Task details:
Could you set down exactly the lines of the data below, starting at the one that holds "118 - 9ct gold" and ending at the one that holds "Positive female athlete", both included, and only those?

Exercise inputs:
=== Begin Enclosure ===

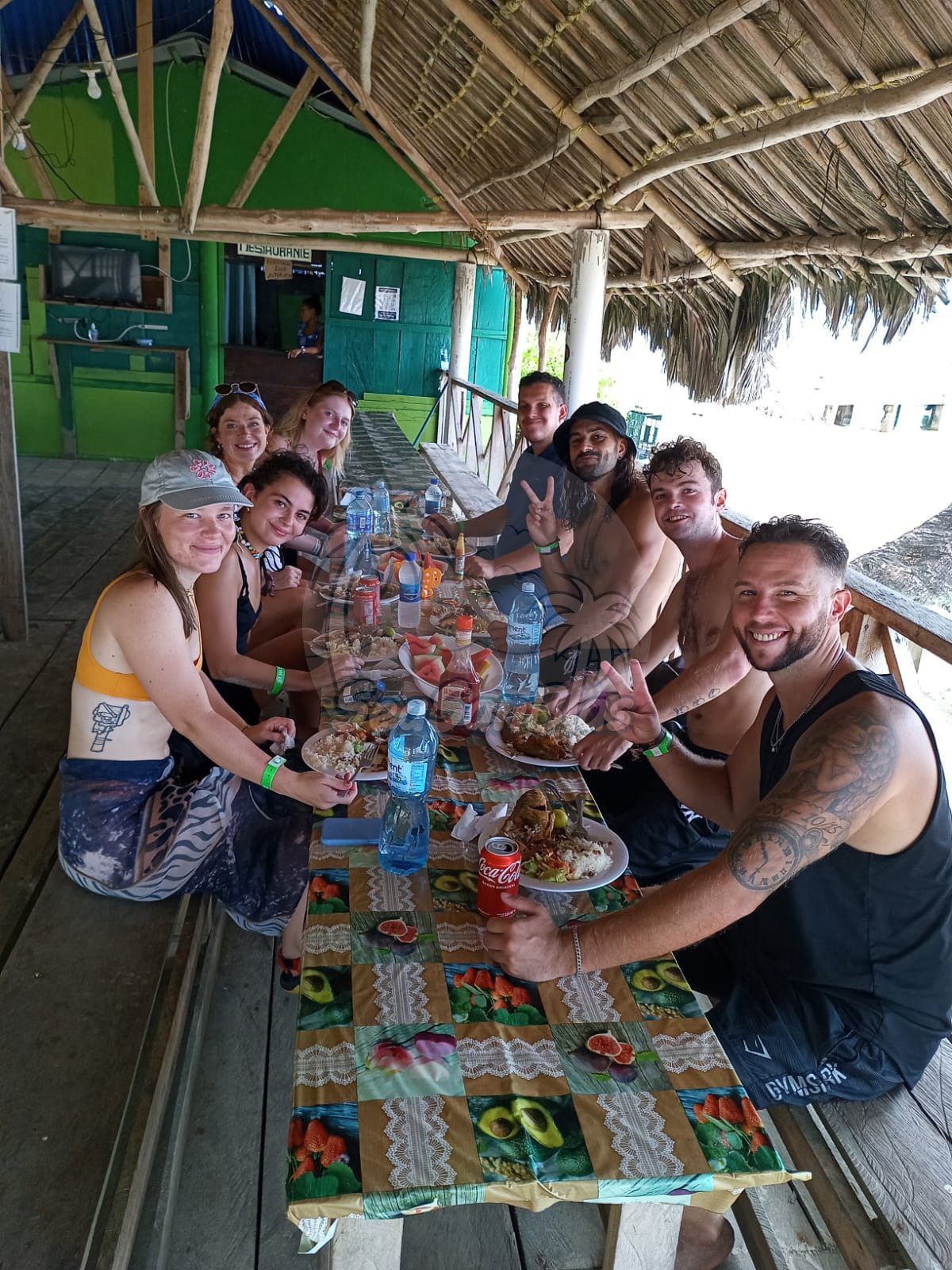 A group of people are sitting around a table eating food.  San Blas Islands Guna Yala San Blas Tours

=== End Enclosure ===
=== Begin Enclosure ===

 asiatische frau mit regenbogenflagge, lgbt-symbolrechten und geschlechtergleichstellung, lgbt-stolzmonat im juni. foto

=== End Enclosure ===
=== Begin Enclosure ===

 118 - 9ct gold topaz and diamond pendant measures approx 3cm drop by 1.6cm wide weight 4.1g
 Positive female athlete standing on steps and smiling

=== End Enclosure ===

Answer box:
 118 - 9ct gold topaz and diamond pendant measures approx 3cm drop by 1.6cm wide weight 4.1g
 Positive female athlete standing on steps and smiling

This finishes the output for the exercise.